What is being asked:
All entries must come back exactly as given, with no pictures in the copy.

*** Extracted records ***

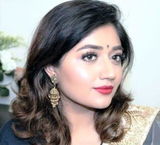 Riya Banerjee review photo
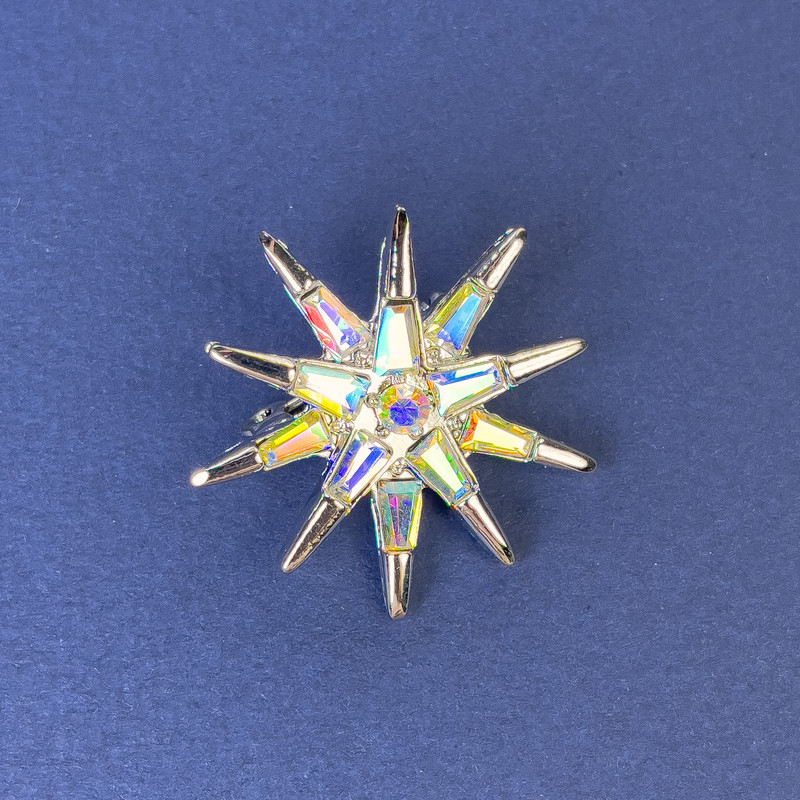 Broszka Gwiazda z kryształami tęczowymi, metal srebrzysty, 30 mm+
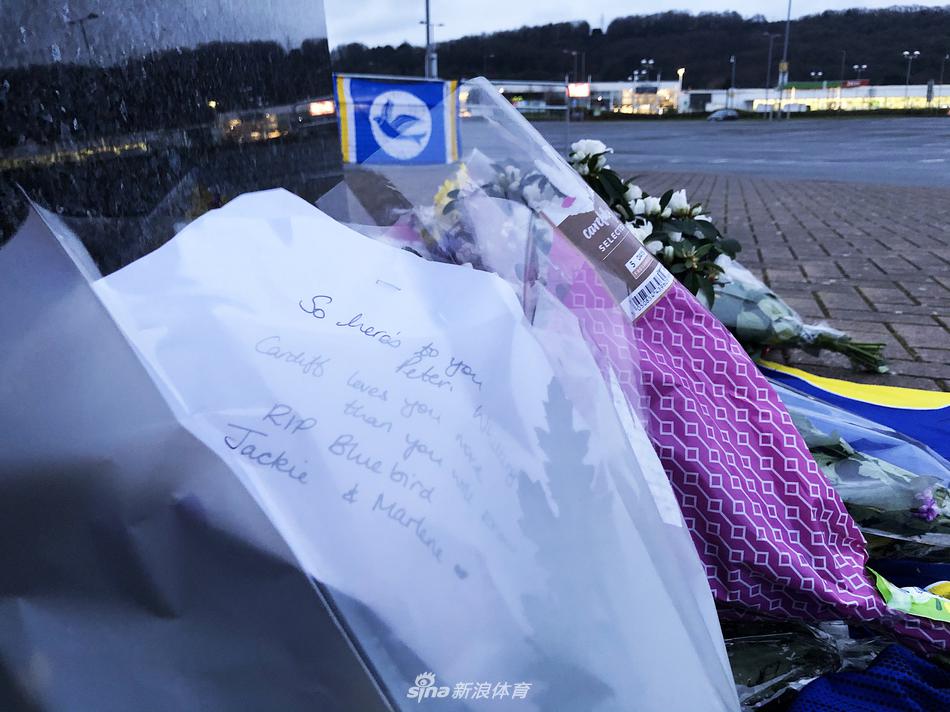 在卡迪夫城球场外的广场上，一名男球迷将一条蓝白色的卡迪夫城围巾高高举起，系在了栏杆上。微风吹过，围巾轻轻飘动，仿佛在代替未能到场的人们，向远行的英雄做最后的告别。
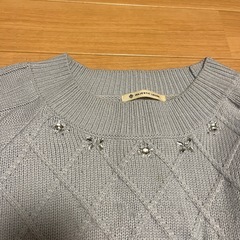 ビジュー付き水色ニットの画像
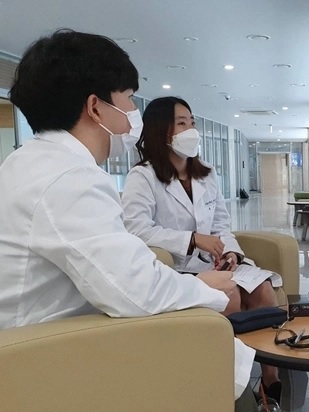 Hàn Quốc: Bác sĩ thực tập trở lại làm việc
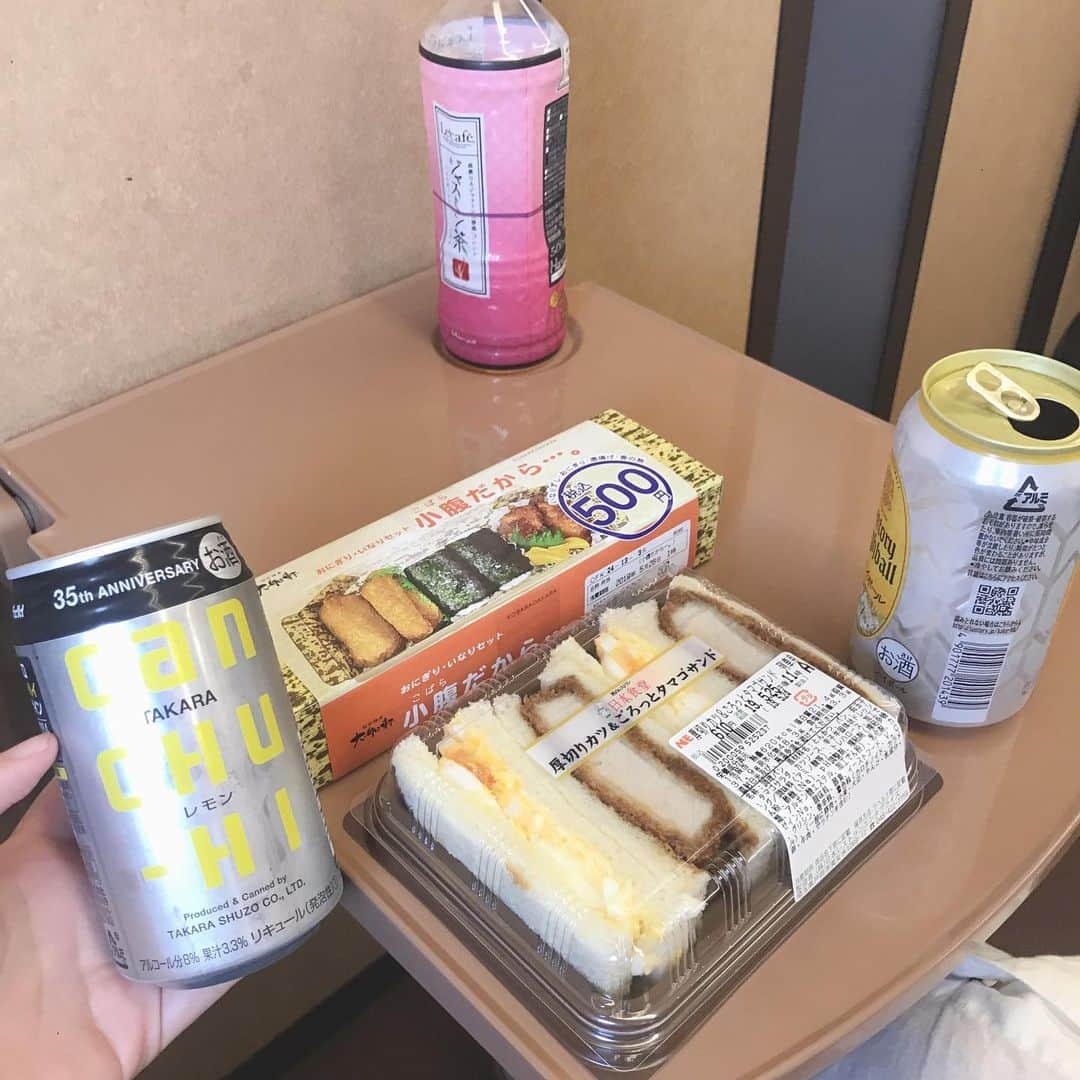 藤村玲衣のインスタグラム：「金沢にいくべ！！！ #金沢 #レモンサワー」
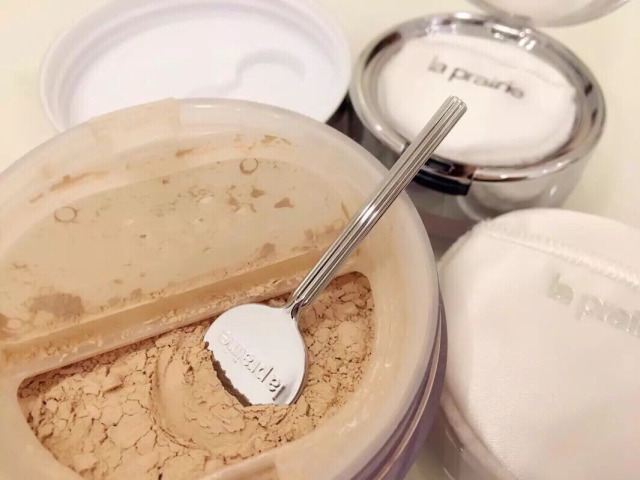 粉饼和散粉正确的化妆先后顺序图,最好用的粉饼蜜粉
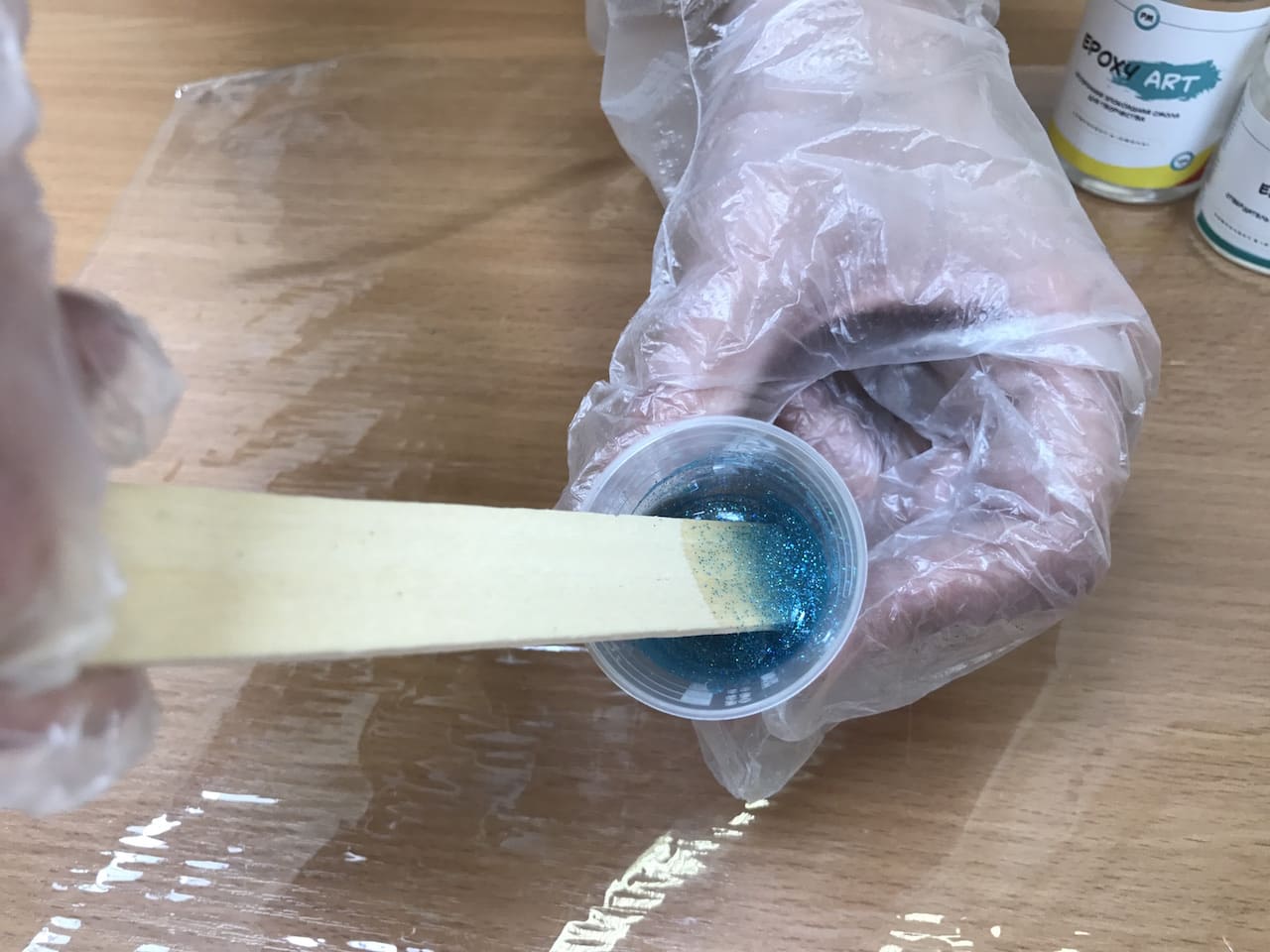 Смешиваем глиттер и прозрачную смолу epoxy art polymerika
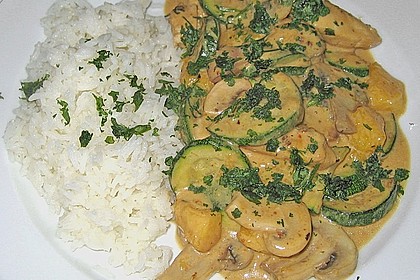 Gelbes Curry mit Pfirsichen
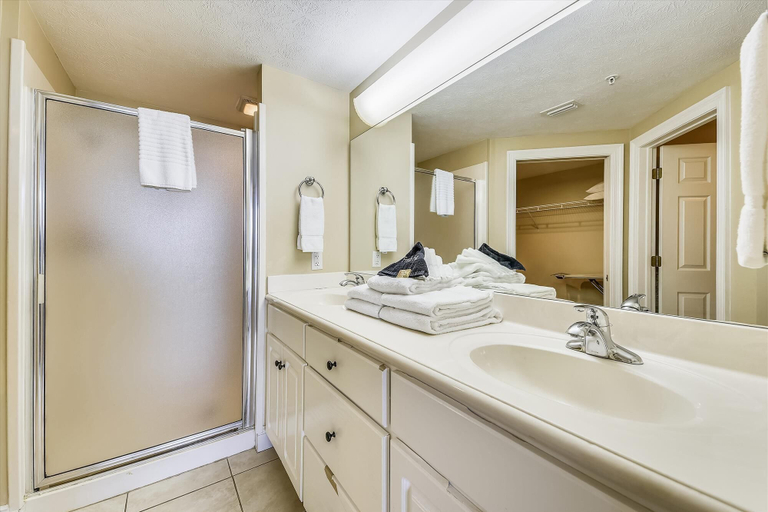 Bathroom 4, Treasure Island 0203, Bay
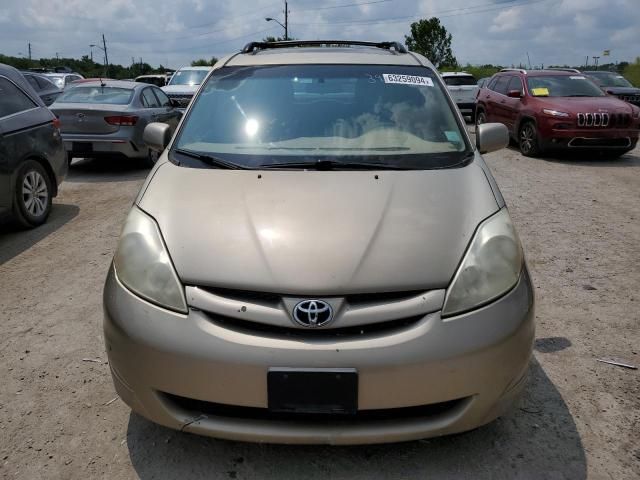 2009 Toyota Sienna XLE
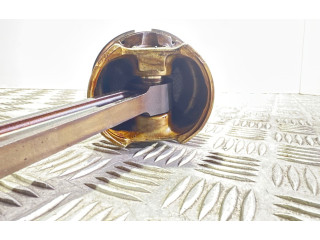  Поршень с шатуном  2399  Jaguar XJ X308  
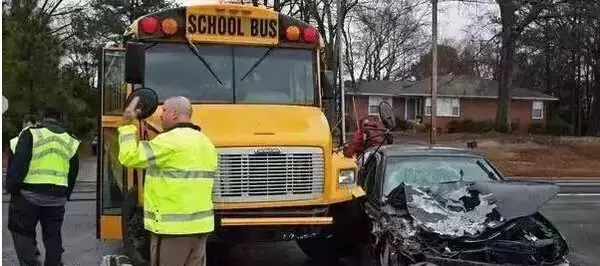 美国校车为何那么安全（图文教程）,美国校车为何那么安全,图文,第6张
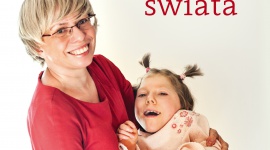 "Nie było czasu na koniec świata" - 10 wywiadów z kobietami – bohaterkami, matkami dzieci z niepełnosprawnościami, chorych i wymagających od nich ogromnej odwagi i miłości. To zapis tego, jak oswoić tragedię, jak znaleźć siłę do walki o swoje życie w obliczu choroby bliskich. Bardzo ważna książka!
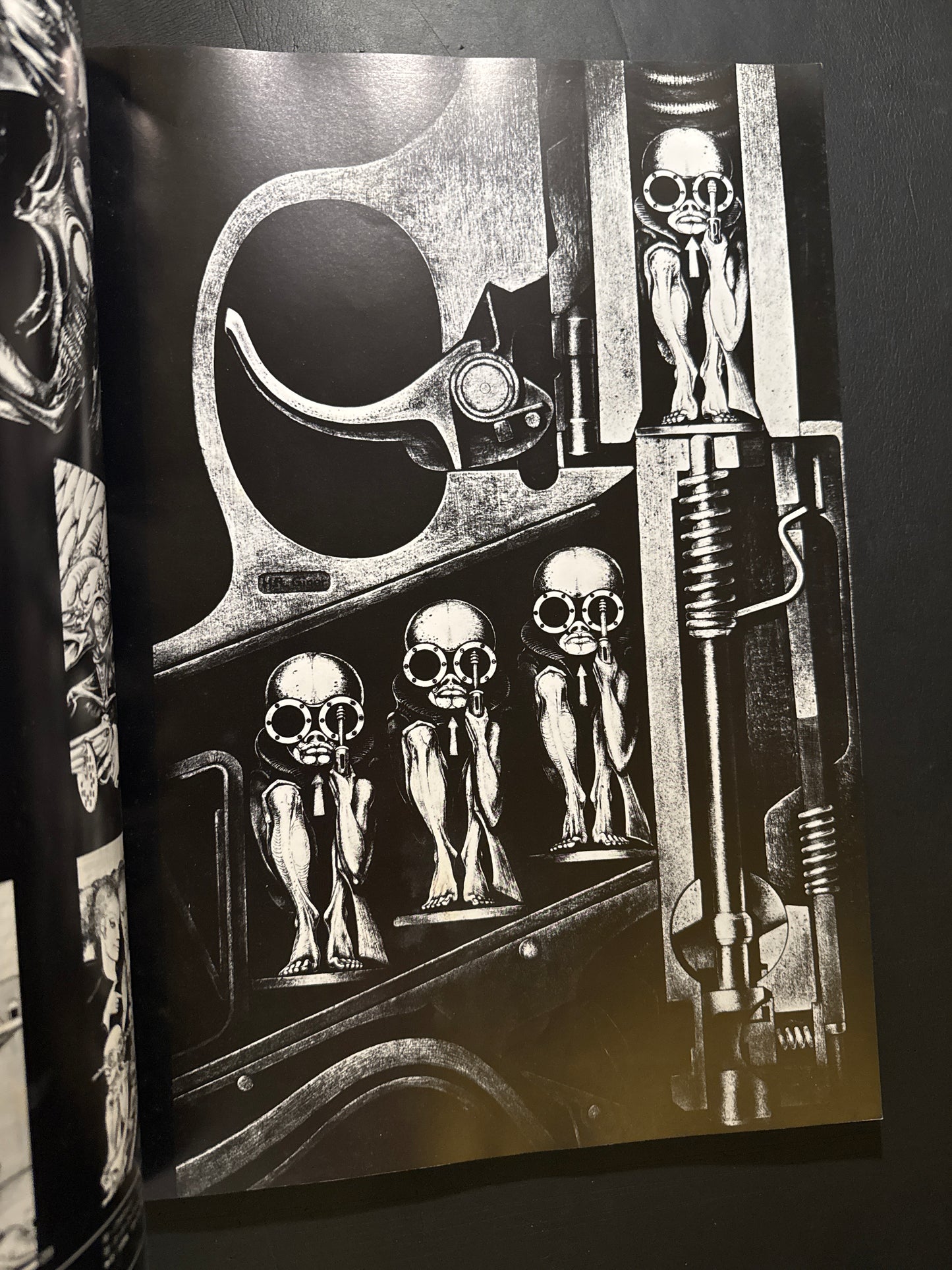 H.R.Giger's Necronomicon 1 (Japanese edition)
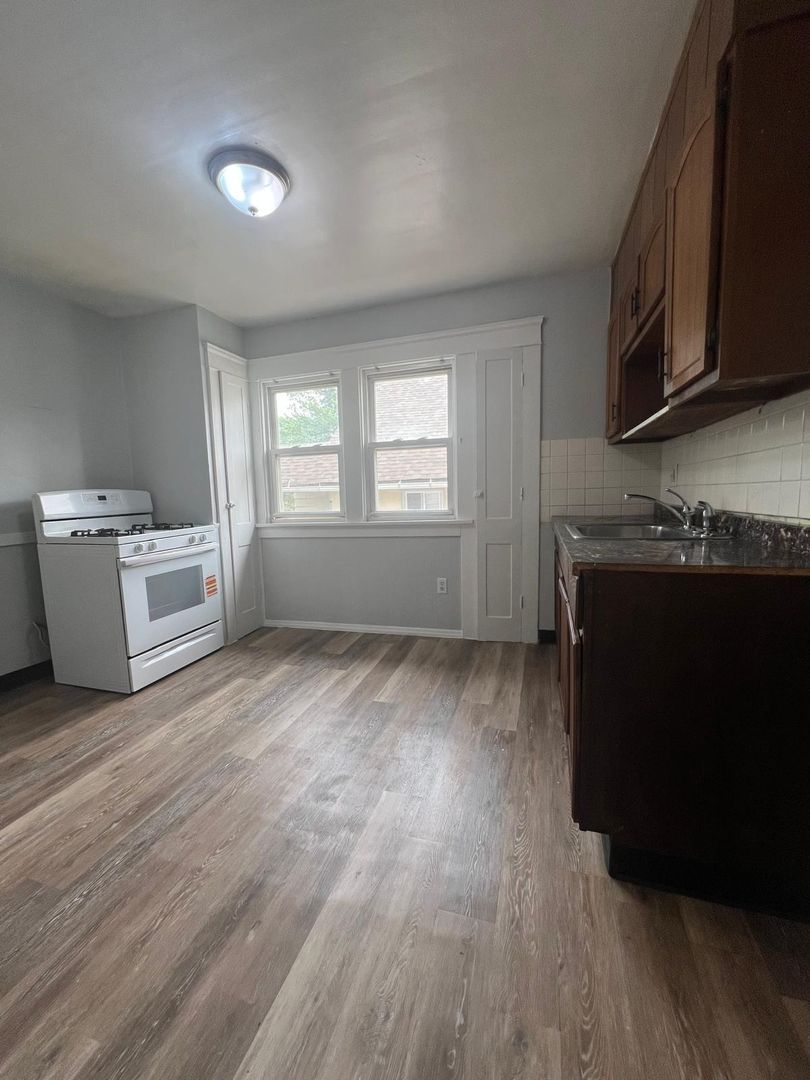 965 Stevenson Rd unit Up – photo 3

*** End of Extracted records ***

Solution to the exercise:
 Riya Banerjee review photo
 Broszka Gwiazda z kryształami tęczowymi, metal srebrzysty, 30 mm+
 在卡迪夫城球场外的广场上，一名男球迷将一条蓝白色的卡迪夫城围巾高高举起，系在了栏杆上。微风吹过，围巾轻轻飘动，仿佛在代替未能到场的人们，向远行的英雄做最后的告别。
 ビジュー付き水色ニットの画像
 Hàn Quốc: Bác sĩ thực tập trở lại làm việc
 藤村玲衣のインスタグラム：「金沢にいくべ！！！ #金沢 #レモンサワー」
 粉饼和散粉正确的化妆先后顺序图,最好用的粉饼蜜粉
 Смешиваем глиттер и прозрачную смолу epoxy art polymerika
 Gelbes Curry mit Pfirsichen
 Bathroom 4, Treasure Island 0203, Bay
 2009 Toyota Sienna XLE
  Поршень с шатуном  2399  Jaguar XJ X308  
 美国校车为何那么安全（图文教程）,美国校车为何那么安全,图文,第6张
 "Nie było czasu na koniec świata" - 10 wywiadów z kobietami – bohaterkami, matkami dzieci z niepełnosprawnościami, chorych i wymagających od nich ogromnej odwagi i miłości. To zapis tego, jak oswoić tragedię, jak znaleźć siłę do walki o swoje życie w obliczu choroby bliskich. Bardzo ważna książka!
 H.R.Giger's Necronomicon 1 (Japanese edition)
 965 Stevenson Rd unit Up – photo 3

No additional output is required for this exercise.